Fairly direct hit! Advances in imaging of shotgun projectiles in MRI

OBJECTIVES: To investigate the magnetic properties of different types of projectiles and qualify the metal artefact reduction technique for diagnostic and/or forensic MRI. MATERIALS AND METHODS: Ten different projectiles embedded in ordnance gelatine blocks underwent an in vitro 1.5-T MR study with seven sequences including a recently developed metal artefact reduction sequence (Advanced WARP) combining VAT (view-angle-tilting) and SEMAC (slice-encoding metal-artefact-correction). Resulting image quality (five-point scale: 1=best; 5=worst) was scored. Quantifiable magnetic characteristics were correlated with qualitative rating of the MR sequences and torque dislodgment. RESULTS: Metal artefact reduction sequence (median: 2.5) significantly (p < 0.001) improves depiction of projectiles in comparison to all other MR pulse sequences (median: 4.75). Images from diamagnetic composed bullets (median: 2) are much less disturbed compared to magnetic attracted ones (median: 5). Correlation (0.623) between deflection angle measurement (ferromagnetic mean 84.2°; paramagnetic 62°; diamagnetic mean 0°) and median qualitative image quality was highly significant (p = 0.027). Torque dislodgement was distinct for elongated magnetic attracted projectiles.

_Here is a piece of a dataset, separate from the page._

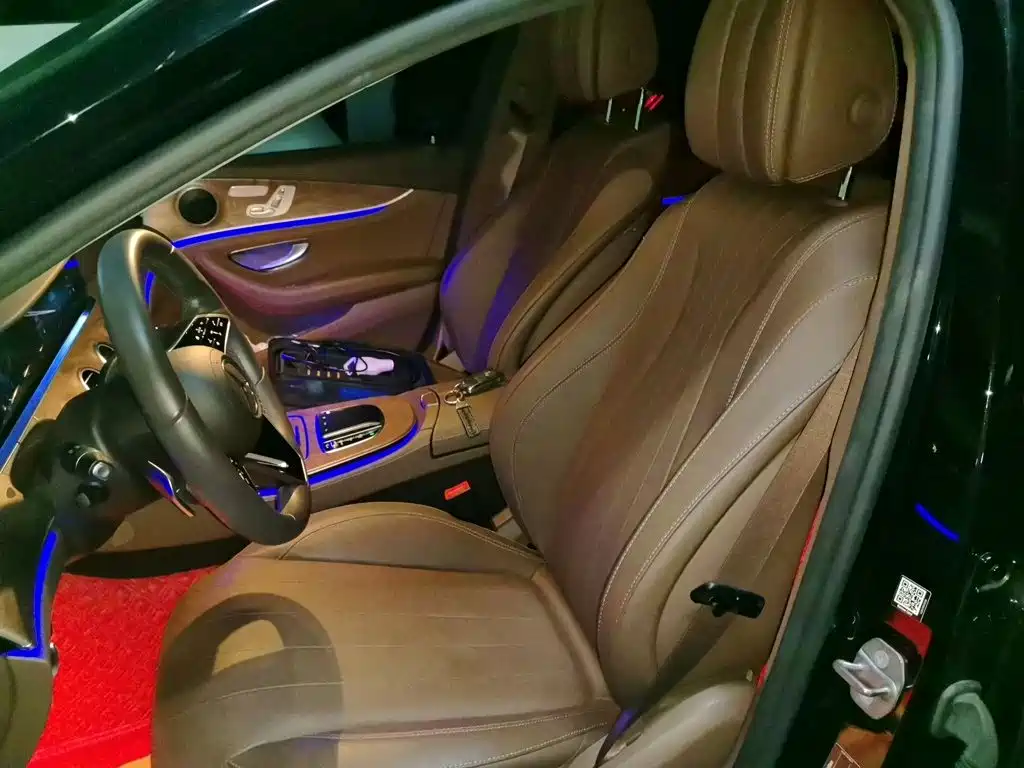 Mercedes-Benz E-Class — миниатюра 8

CONCLUSIONS: Significant improvement of MR imaging of projectiles using metal artefact reduction techniques has important implications for diagnostic/forensic work-up. The correlations between magnetic attraction force, deflection-angle results and image properties demonstrate that the MR safety of projectiles can be estimated with one of these methods. KEY POINTS: • Metal artefact reduction sequence improves overall image quality of bullets (p < 0.001). • Deflection angle assessment significantly predicts image quality of bullets (p = 0.027). • Classification of projectiles’ magnetic properties based on artefacts’ characteristics is possible. • Classifying of bullets has important implications in diagnostic and forensic imaging. • Identification of projectiles’ magnetic attributes improves estimation of patients’ injury risk.